According to the Logansport (Ind.) Pharos, he claimed he’d made advances to the young girl, but she offered no resistance. “She melted like wax in my arms,” claimed the 33 year-old of the girl, not-yet a woman.

He also wrote that he believed Lizzie was of a “delicate condition,” and he hinted that an abortion could save the family from “shame and disgrace.”
Nutt’s letter in response was also admitted. It revealed a father who was understandably angry about Dukes’ dalliances with his daughter. He suggested the two men meet, but not before he wrote, “If I had invaded the sanctity of a home as you have confessed to doing, I would hold myself fit only to be shot.”

That statement seemed to support Dukes’ claim of self-defense. Yet, Dukes offered another letter in response to Nutt’s that didn’t help his case in the court of public opinion. He claimed he would sooner suffer death than marry Miss Nutt “a wanton toy of the town.”
The following day, the Indiana (Pa.) Weekly Messenger concluded, “The evidence thus far indicates that he (Dukes) is a vile wretch and that he should have been shot on the spot by Nutt.” The Dunkirk/Chautauqua County (N.Y.) Evening Observer reported all evidence in the case was closed after “a large number of witnesses were examined to show Dukes’ good character.”

All that was left for Uniontown - and for the rest of the nation - was the verdict.
March 15th, 1883: “A TRAVESTY OF JUSTICE.” That’s the kind of headline the nation’s newspaper readers found regarding the not guilty verdict handed to N.L. Dukes that day. The Fitchburg (Mass.) Daily Sentinel reported that the judge in the case expressed disappointment at the verdict, and that an angry crowd carrying effigies of Dukes and the jurors were headed to the court house.

“TWELVE INFAMOUS MEN,” was the headline in the Titusville (Pa.) Morning Herald. The story below it indicated that everybody in Uniontown was on the streets. It also mentioned that a group of people carrying an effigy of Dukes were singing “we will hang Dukes’ body on a sour apple tree.” They hung that effigy only few doors away from the room in which he was staying, and under guard by the sheriff.

On March 17th, the Newark (Ohio) Daily Journal reported that anger over the verdict had turned into violence. A juror in the trial had been beaten so badly in the streets of Belle Vernon, “that his life is despaired of.”

On March 22nd, the Richmond (Ohio) Gazette reported that Dukes’ seat in the Pennsylvania legislature had been vacated.

On March 26th, the Oshkosh Northwestern reported that an “Indignation Meeting” had been formed, and “they gave him (Dukes) 24 hours to transact business and leave town. If he attempts to remain it is thought there will be trouble.”

Meanwhile, newspapers began reporting the mysterious nature of Dukes, the sheriff and all of the jury members being Democrats, while the murdered man was a Republican.
Such information fueled even more bitterness.

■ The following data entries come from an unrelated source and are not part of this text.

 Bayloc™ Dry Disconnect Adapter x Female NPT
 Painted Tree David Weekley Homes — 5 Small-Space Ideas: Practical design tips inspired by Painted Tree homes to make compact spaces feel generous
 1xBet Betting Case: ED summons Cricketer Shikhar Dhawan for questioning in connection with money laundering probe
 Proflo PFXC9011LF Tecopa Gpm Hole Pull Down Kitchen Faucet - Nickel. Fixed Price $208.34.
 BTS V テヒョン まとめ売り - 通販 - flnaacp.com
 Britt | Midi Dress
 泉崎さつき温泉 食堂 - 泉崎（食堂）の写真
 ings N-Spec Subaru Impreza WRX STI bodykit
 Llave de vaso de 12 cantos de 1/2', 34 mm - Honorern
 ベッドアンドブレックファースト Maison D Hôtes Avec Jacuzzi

On April 4th, the Waterloo (Ia.) Courier reported that Dukes failed to heed the warning to leave town. That Nutt’s eldest son (James) and his defamed daughter (Lizzie) “were watching for an opportunity to kill Dukes.”

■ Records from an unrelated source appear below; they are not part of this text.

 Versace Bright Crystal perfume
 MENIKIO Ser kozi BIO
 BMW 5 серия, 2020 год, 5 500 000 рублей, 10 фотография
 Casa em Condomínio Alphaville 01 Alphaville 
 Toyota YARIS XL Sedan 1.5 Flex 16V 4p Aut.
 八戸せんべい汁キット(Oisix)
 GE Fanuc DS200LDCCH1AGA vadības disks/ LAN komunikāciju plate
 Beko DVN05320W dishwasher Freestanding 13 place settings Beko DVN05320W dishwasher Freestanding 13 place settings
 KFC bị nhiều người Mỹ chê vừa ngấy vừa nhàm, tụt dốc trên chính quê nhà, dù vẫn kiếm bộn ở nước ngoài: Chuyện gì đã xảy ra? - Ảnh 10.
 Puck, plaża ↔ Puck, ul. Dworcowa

On April 6th, the Philadelphia Press editorialized that “the severest sentence that can be imposed on Dukes is to close all doors upon him, and send him forth a moral leper, disowned at home and despised aboard.

While the Fayette County Bar was in the process of having him disbarred, there were rumors that Dukes would appear around town - dressed as a woman.

Dressed as a woman or otherwise, the Dunkirk/Chautauqua County Evening Observer reported on April 18th, that Nutt’s 15 year-old daughter “threw a cobble stone at Dukes,” when she saw him on the street. A cobble stone, as it turned out, was the least of Dukes’ worries.

On June 14th, the New York Times reported that at 7:35 P.M. near Uniontown’s “round corner,” A.C. Nutt’s eldest son, James, pulled a revolver and killed Dukes.

When confronted by a nearby police officer, Nutt’s response was, “I could not help it.”